* **Action item**
Go through the data below and gather each line containing "Coronal".

* **Records supplied**

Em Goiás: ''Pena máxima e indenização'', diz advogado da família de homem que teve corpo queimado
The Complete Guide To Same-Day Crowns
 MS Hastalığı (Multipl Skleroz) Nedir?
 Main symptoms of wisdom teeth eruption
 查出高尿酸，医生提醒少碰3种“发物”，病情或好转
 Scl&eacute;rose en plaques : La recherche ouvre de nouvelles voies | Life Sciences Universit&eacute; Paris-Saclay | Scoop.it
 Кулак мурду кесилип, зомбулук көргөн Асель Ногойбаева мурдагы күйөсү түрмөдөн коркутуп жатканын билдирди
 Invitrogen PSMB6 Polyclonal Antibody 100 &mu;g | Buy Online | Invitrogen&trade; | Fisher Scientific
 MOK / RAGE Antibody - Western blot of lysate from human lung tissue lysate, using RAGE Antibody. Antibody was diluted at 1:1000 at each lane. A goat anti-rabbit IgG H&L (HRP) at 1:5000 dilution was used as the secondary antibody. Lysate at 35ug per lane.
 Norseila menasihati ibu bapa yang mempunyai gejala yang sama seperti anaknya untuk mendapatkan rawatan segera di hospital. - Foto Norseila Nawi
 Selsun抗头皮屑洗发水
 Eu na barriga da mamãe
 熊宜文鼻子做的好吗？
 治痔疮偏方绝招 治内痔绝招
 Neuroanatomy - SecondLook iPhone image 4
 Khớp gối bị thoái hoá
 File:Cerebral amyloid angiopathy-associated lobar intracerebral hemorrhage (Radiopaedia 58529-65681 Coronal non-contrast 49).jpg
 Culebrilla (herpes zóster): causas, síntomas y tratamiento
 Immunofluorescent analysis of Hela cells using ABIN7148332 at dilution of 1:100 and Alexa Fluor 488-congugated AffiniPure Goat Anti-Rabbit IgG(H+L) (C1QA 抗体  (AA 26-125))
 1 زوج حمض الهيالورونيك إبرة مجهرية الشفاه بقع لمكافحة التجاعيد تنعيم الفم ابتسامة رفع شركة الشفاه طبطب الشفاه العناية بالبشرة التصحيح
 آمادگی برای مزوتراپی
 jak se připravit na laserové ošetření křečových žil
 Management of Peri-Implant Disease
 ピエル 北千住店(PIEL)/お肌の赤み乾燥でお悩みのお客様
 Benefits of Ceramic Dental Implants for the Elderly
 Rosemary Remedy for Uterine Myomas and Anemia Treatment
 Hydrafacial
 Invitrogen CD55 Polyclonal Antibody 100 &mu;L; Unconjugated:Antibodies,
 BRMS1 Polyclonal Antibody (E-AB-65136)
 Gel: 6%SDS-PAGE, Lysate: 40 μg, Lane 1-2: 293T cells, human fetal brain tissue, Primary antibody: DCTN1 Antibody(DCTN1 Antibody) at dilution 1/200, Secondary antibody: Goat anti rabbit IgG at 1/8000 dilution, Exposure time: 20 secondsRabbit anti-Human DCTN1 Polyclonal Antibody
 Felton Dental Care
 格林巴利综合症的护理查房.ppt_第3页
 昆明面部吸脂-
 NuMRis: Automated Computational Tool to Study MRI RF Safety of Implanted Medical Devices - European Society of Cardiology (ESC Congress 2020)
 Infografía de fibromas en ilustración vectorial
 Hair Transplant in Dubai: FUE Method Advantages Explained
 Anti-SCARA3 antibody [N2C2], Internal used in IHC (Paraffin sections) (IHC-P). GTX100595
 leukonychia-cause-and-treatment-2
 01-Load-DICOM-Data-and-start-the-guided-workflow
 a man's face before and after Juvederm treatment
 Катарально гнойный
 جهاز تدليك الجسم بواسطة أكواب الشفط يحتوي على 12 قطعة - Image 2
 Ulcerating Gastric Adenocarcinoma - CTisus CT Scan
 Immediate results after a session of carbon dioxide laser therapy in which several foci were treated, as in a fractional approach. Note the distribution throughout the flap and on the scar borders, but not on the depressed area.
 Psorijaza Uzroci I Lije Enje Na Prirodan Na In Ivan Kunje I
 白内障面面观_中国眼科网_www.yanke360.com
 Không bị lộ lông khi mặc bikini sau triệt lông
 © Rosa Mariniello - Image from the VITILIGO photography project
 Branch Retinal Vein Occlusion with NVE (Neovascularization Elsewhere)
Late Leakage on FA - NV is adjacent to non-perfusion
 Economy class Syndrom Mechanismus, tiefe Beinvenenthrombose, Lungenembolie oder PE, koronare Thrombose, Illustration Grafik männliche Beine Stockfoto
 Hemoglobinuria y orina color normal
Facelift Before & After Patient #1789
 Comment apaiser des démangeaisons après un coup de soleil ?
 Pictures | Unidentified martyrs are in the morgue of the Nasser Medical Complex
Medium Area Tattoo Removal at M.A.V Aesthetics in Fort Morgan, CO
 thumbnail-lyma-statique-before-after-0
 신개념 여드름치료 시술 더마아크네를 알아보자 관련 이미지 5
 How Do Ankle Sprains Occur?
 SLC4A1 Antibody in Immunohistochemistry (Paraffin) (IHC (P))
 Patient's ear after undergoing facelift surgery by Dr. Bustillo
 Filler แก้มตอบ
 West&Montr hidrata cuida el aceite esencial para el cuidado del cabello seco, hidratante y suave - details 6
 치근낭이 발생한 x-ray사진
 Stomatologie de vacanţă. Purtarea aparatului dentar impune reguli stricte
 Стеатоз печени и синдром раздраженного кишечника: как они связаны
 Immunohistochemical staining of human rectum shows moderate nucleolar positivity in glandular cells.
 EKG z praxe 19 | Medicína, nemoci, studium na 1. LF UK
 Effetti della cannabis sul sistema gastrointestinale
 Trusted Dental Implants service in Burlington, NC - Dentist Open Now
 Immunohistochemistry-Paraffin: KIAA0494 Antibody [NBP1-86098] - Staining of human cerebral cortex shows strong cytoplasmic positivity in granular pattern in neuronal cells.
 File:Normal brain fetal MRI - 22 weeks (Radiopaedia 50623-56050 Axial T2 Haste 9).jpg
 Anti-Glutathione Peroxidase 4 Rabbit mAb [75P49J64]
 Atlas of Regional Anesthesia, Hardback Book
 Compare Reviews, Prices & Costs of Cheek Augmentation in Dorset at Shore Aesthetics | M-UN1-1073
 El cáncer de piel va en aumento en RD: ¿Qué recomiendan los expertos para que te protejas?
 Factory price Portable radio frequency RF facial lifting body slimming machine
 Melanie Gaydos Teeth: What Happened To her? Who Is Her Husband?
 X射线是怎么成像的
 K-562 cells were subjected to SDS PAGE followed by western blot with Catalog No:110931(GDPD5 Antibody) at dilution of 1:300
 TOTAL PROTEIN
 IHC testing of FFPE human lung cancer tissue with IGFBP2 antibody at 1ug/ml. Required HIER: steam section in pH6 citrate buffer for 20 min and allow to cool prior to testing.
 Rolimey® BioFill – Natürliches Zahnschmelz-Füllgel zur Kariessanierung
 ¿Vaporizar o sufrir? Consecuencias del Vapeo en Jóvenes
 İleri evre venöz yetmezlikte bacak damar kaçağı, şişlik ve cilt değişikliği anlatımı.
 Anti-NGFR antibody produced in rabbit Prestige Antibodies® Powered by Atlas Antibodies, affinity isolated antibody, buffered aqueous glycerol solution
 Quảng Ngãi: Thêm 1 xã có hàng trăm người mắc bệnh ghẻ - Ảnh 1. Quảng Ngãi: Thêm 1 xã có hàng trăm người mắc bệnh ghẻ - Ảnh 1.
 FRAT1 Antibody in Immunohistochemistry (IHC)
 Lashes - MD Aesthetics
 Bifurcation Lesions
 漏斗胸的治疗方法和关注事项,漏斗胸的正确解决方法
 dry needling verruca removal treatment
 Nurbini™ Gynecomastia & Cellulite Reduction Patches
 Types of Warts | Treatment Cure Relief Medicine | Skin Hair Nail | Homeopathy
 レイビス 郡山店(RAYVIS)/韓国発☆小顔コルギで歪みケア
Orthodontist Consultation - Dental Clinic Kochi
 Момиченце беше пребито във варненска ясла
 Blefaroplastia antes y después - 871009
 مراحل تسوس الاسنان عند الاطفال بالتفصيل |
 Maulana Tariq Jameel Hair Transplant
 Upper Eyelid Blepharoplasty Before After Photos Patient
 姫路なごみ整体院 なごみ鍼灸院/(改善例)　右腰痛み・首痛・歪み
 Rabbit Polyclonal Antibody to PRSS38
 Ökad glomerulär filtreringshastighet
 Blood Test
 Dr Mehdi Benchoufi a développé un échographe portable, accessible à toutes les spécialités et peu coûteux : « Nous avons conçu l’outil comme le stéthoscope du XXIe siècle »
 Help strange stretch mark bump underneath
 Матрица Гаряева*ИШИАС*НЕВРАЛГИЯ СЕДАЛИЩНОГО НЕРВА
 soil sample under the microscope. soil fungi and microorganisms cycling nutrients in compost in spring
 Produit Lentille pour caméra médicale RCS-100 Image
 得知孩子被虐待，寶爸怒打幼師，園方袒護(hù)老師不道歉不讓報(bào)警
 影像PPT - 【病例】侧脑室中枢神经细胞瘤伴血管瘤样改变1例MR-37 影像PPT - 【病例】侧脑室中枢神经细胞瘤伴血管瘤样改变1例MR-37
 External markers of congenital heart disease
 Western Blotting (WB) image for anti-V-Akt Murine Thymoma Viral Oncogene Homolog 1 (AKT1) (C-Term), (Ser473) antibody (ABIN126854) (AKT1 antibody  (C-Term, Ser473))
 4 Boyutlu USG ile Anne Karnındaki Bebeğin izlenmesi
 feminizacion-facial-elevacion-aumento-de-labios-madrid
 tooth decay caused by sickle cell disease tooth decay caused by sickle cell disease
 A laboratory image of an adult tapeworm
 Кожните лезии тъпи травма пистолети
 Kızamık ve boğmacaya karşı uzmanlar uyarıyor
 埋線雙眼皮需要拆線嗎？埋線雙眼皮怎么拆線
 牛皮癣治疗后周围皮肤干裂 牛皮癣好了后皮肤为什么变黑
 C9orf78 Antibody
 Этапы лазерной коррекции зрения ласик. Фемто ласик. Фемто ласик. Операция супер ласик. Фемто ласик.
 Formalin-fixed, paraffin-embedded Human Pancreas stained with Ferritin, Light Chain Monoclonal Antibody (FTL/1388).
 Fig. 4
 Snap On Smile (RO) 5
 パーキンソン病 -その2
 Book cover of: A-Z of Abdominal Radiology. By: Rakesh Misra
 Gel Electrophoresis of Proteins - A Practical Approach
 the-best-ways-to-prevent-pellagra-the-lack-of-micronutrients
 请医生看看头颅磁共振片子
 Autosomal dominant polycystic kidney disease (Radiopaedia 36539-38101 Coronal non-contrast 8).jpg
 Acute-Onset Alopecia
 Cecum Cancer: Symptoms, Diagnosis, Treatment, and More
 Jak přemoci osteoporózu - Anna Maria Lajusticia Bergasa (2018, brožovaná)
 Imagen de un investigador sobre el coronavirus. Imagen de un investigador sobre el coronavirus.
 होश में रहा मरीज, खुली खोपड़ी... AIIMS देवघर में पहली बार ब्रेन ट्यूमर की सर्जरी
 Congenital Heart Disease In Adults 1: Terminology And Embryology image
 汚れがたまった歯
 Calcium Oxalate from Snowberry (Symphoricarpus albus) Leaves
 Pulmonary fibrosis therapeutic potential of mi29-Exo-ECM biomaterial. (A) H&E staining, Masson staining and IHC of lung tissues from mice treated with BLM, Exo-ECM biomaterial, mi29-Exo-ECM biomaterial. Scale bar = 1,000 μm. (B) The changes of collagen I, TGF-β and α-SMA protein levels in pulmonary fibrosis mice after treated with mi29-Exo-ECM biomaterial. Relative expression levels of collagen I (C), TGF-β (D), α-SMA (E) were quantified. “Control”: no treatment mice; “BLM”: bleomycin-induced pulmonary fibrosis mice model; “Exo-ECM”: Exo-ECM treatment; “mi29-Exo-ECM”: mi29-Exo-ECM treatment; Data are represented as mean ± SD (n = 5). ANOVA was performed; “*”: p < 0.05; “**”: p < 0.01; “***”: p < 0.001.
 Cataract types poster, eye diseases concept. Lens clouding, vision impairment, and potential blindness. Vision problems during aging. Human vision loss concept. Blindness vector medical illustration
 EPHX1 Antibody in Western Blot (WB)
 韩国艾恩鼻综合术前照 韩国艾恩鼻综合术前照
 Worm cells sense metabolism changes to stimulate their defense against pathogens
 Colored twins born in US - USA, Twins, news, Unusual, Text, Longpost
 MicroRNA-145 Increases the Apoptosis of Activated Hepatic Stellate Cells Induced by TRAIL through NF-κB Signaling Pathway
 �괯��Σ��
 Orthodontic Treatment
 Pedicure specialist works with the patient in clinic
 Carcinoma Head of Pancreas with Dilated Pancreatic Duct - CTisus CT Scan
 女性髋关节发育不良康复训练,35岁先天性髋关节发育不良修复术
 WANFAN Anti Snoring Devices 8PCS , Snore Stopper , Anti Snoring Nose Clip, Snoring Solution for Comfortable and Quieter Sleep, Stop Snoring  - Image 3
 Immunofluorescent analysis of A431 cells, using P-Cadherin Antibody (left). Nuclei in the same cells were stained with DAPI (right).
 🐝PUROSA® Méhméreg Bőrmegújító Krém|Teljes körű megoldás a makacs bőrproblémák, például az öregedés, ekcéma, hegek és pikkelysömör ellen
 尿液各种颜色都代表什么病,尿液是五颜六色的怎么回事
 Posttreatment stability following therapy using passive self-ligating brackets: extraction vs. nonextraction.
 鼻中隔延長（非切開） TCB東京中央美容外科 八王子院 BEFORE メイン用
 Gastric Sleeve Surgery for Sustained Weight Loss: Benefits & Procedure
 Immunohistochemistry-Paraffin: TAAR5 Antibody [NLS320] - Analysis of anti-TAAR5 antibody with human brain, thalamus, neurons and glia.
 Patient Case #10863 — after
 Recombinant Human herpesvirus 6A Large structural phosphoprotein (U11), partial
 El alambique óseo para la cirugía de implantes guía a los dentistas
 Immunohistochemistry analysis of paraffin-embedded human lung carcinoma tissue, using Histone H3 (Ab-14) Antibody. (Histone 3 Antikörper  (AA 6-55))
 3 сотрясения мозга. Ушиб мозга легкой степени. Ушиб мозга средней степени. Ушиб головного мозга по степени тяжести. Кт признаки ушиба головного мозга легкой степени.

* **Your response**
 File:Cerebral amyloid angiopathy-associated lobar intracerebral hemorrhage (Radiopaedia 58529-65681 Coronal non-contrast 49).jpg
 Autosomal dominant polycystic kidney disease (Radiopaedia 36539-38101 Coronal non-contrast 8).jpg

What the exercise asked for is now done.